8. Exclusivity of Severance. Payments under this Agreement shall be in lieu of any payments to which Executive may be entitled under any Company severance plan for salaried employees.
9. No Mitigation. In no event shall the Executive be obligated to seek other employment or take any other action by way of mitigation of the amounts payable to the Executive under any of the provisions of this Agreement and, except as provided in Section 4(d), such amounts shall not be reduced whether or not the Executive obtains other employment.

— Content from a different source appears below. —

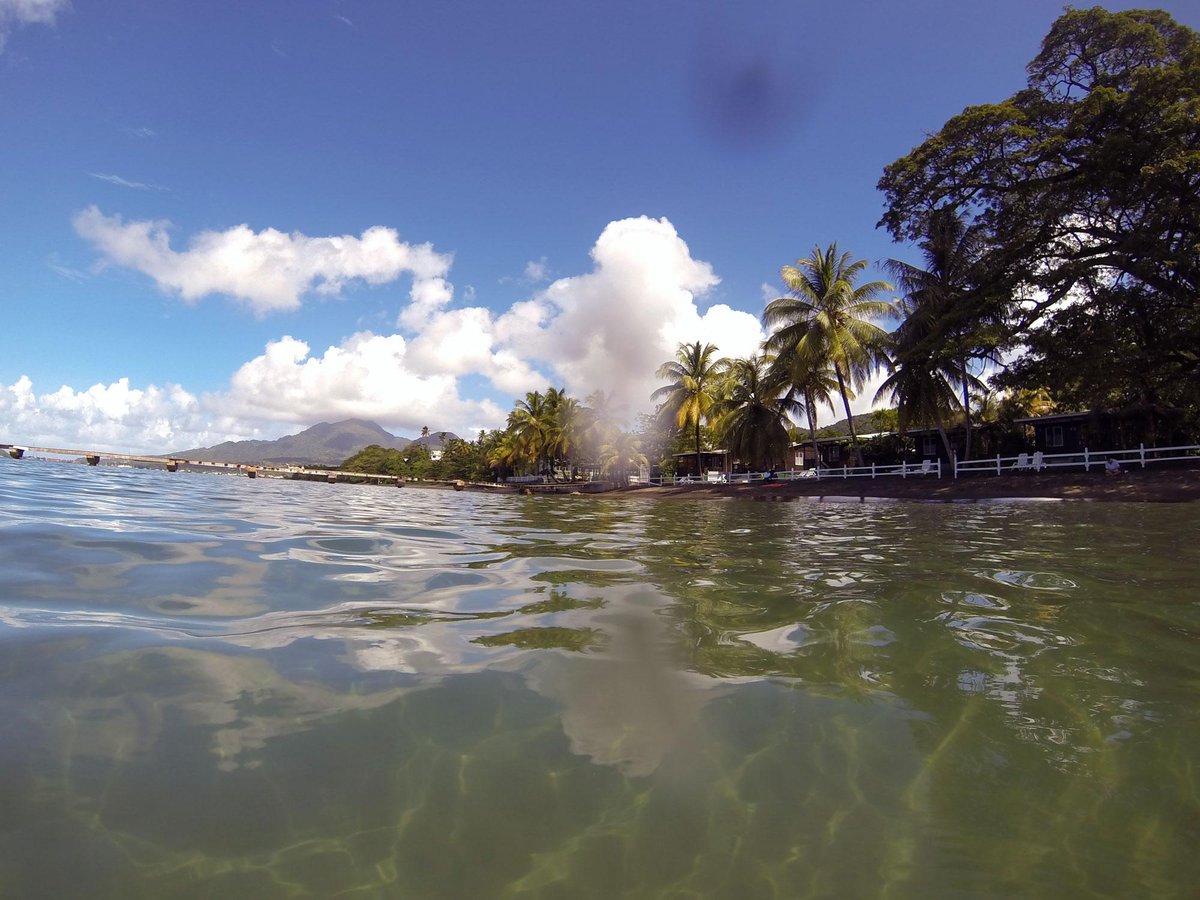 gridinoc's tweet image. current view #gopro #hackerbeach
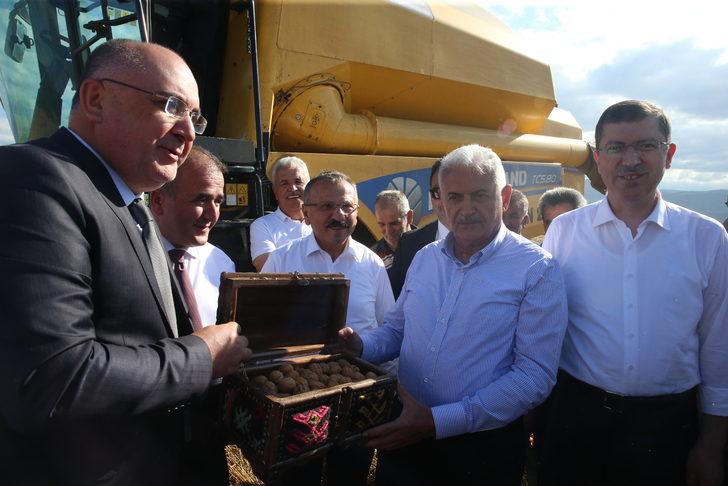 AK Parti Genel Başkanvekili Yıldırım Tokat'ta tarla günü etkinliğine katıldı G2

10. Parachute Payments. At the Executives request, the Company will use its reasonable best efforts to obtain approvals as may be required, including shareholder approvals, to cause payments made under this Agreement to be exempt from the definition of parachute payments under Section 280G of the Internal Revenue Code of 1986, as amended (the Code), if such payments hereunder are made in connection with the events described under Section 280G of the Code. Notwithstanding any provision contained herein to the contrary, the Company shall not be responsible for the payment of any excise taxes incurred by the Executive under Section 4999 of the Code or for any tax gross-up payments at any time, including, but not limited to, in the event that the appropriate approvals are not obtained or in the event that exemptions to parachute payments no longer apply.
11. Confidential Information.
(a) The Executive shall hold in a fiduciary capacity for the benefit of the Company all secret or confidential information, knowledge or data relating to the Company or any of its Affiliated Companies, and their respective businesses, which shall have been (i) obtained by the Executive during the Executives employment by the Company or any of its Affiliated Companies or (ii) acquired by the Company or any of its Affiliated Companies from Georgia-Pacific Corporation, and which shall not be or become public knowledge (other than by acts by the Executive or representatives of the Executive in violation of this Agreement) (Confidential Information). After termination of the Executives employment with the Company, the Executive shall not, without the prior written consent of the Company or as may otherwise be required by law or legal process, communicate or divulge any such information, knowledge or data to anyone other than the Company and those designated by it.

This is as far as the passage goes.